TASK TO CARRY OUT: Reproduce word for word the lines between those holding "And before starting" and "In Vietnam, Mid-Autumn", inclusive, and nothing else from the data below.

SUPPLIED ENTRIES:
== == ==

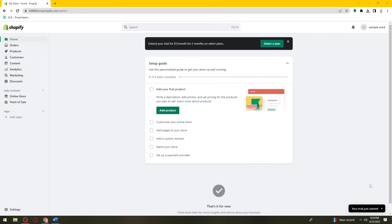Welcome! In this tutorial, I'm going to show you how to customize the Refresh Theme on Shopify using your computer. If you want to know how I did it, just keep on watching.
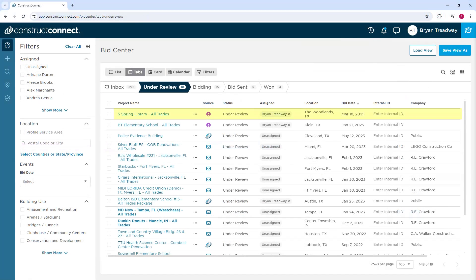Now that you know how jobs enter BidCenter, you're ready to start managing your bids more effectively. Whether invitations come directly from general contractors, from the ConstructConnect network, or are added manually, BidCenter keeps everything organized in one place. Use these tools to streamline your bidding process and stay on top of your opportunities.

== == ==

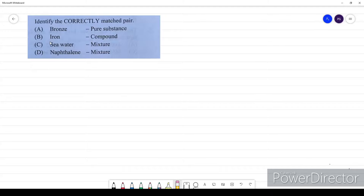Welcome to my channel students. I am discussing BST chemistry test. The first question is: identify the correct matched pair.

== == ==

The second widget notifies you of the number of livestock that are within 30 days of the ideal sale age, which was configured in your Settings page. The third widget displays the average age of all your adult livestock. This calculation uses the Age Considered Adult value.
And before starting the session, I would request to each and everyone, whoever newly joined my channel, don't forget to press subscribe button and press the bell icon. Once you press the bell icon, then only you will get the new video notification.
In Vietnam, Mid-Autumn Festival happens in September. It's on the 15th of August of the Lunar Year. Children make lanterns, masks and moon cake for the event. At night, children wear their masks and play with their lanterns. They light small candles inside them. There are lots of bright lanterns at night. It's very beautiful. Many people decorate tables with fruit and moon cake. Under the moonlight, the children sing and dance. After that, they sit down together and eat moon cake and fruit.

== == ==

RESPONSE TO THE EXERCISE:
And before starting the session, I would request to each and everyone, whoever newly joined my channel, don't forget to press subscribe button and press the bell icon. Once you press the bell icon, then only you will get the new video notification.
In Vietnam, Mid-Autumn Festival happens in September. It's on the 15th of August of the Lunar Year. Children make lanterns, masks and moon cake for the event. At night, children wear their masks and play with their lanterns. They light small candles inside them. There are lots of bright lanterns at night. It's very beautiful. Many people decorate tables with fruit and moon cake. Under the moonlight, the children sing and dance. After that, they sit down together and eat moon cake and fruit.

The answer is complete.